Die Wirkung von billigem Erdöl : zwei Szenarien
Damit komme ich zurück zu den oben aufgeführten Marktregeln und zur zentralen Frage: Behindert oder fördert der tiefe Preis die Abkehr vom Erdöl? Statt mit einer Prognose auf die Nase zu fallen, stelle ich hier zwei Möglichkeiten (Szenarien) einander gegenüber.
1.
Tiefe Preise, steigende Nachfrage
Nach allgemeiner Regel werden die tiefen
Marktpreise den Konsum von Erdöl wieder
erhöhen. Reiche, die schon immer
überdurchschnittlich viel Erdöl
verbrannten, werden künftig zumindest
gleich viel Öl zu tieferen Kosten in CO2
umwandeln. Arme können sich damit
ebenfalls mehr Erdöl leisten. Diese –
klimapolitisch unerwünschte –
Entwicklung könnten die Regierungen zwar
korrigieren, nämlich mit hohen
Lenkungsabgaben auf Erdöl oder
CO2-Emissionen. Doch damit ist kaum zu
rechnen, denn dieses wirksame Mittel
scheiterte stets am politischen
Widerstand der Wirtschaftsverbände. Die
wahrscheinliche Folge dieses Szenarios:
Sobald die Epidemie-bedingten
Einschränkungen aufgehoben werden, wird
der Ölverbrauch wieder steigen, und die
Spirale von steigender Nachfrage und
steigendem Angebot dreht sich weiter.
Der Klimaschutz bleibt auf der Strecke.
2.
Tiefe Preise, Ruin der Ölförderung
Die tiefen Preise erhöhen zwar, wie oben
gezeigt, die Nachfrage nach Erdöl.
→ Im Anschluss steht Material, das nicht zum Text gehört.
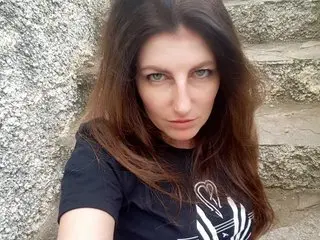 SabrinaDeep looks at the camera with long brown hair, wearing a black t-shirt with a white graphic, posing against a textured stone wall.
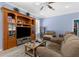 Open living room with wood-look floors, built-in shelving, and comfortable seating at 8604 Vicksburg Rd, Spring Hill, FL 34608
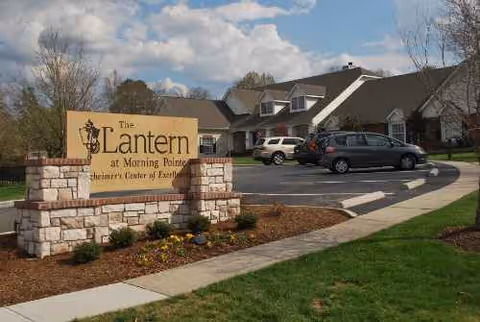 Exterior view of The Lantern at Morning Pointe Alzheimer's Center with sign and cars.
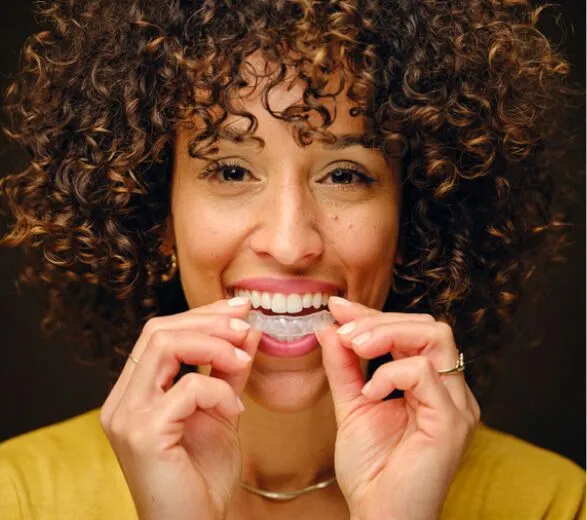 little girl smiling with braces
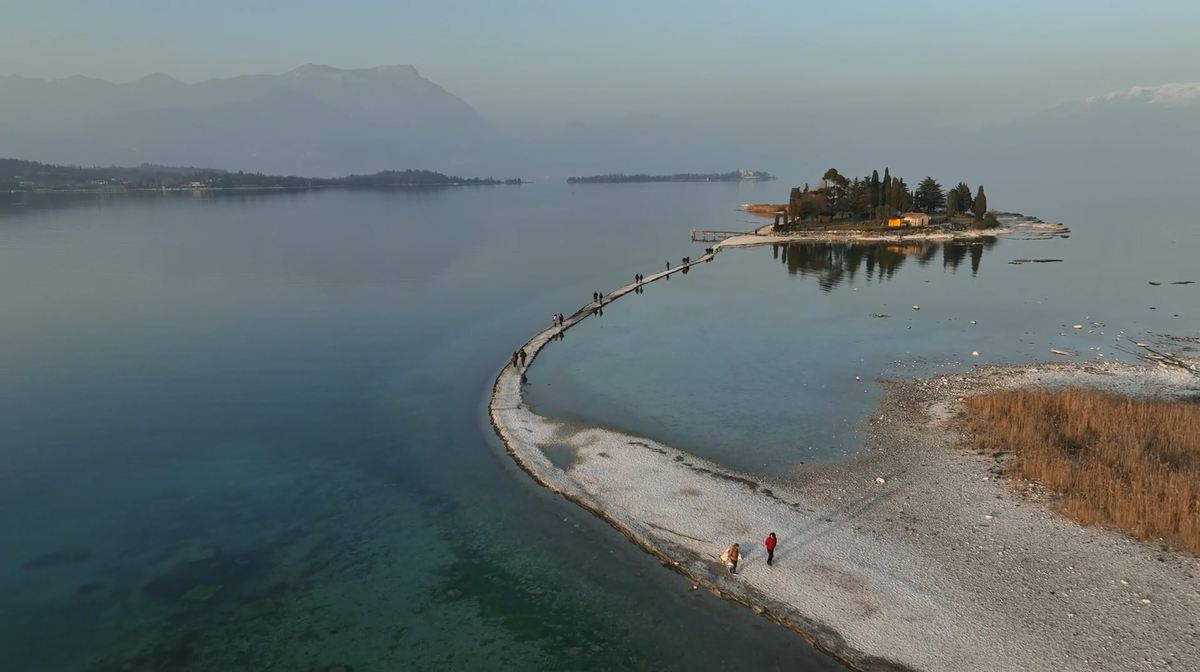Drone footage shows people walking along the exposed pathway.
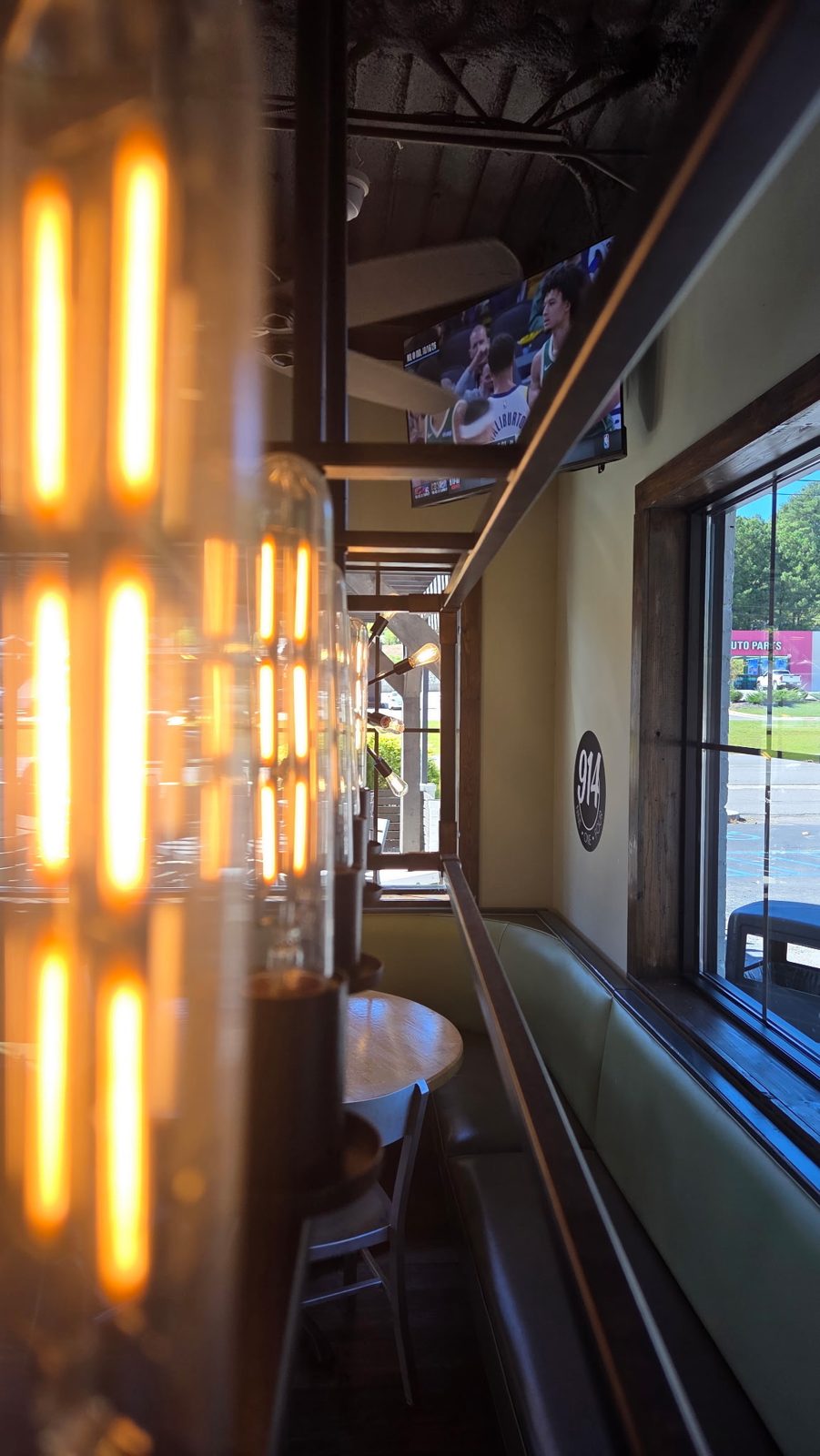 Booth seating by the window under hanging Edison bulbs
Doch
gleichzeitig ruinieren tiefe Preise
viele Unternehmen, die sich der
Förderung von Erdöl widmen. Je länger
die Epidemie und damit die
wirtschaftlichen Einschränkungen dauern,
desto mehr Förderunternehmen gehen
pleite. Als Erstes trifft das die
Staaten und Firmen mit den höchsten
Förderkosten. Das sind die
Gesellschaften, die Öl aufwendig aus
Ölsand herausfiltern wie etwa in Kanada,
oder die mittels Fracking Schieferöl aus
den Gesteinen heraussprengen wie in den
USA. Oder Ölmultis, die im Meer nach
neuen Erdölquellen suchen, was ebenfalls
hohe Förderkosten nach sich zieht.
Der Ruin von vielen Öl-Förderfirmen kann das heutige (Über-) Angebot an Erdöl zwar mittelfristig verknappen und die tiefen Ölpreise gemäss Lehrbuch wieder steigen lassen. Das gäbe einen Anreiz, die Förderung wieder auszuweiten auch auf teurere Ölquellen. Doch damit würden die Ölpreise wieder steigen – und damit die Nachfrage tief halten. In einer von Viren geschwächten Weltwirtschaft ist dieses Szenario durchaus möglich. Die Folge davon: Die Spirale dreht sich rückwärts, die Ölquellen mit tiefen Förderkosten versiegen allmählich, und die Erschliessung von neuen teureren Quellen rentiert nicht, weil es an Nachfrage fehlt. Damit steigen die Chancen für eine Zukunft mit weniger fossilem Energieeinsatz und weniger starkem Klimawandel.
Das sind zwei theoretische Szenarien, also Möglichkeiten. Was wird? Nochmals: keine Prognose.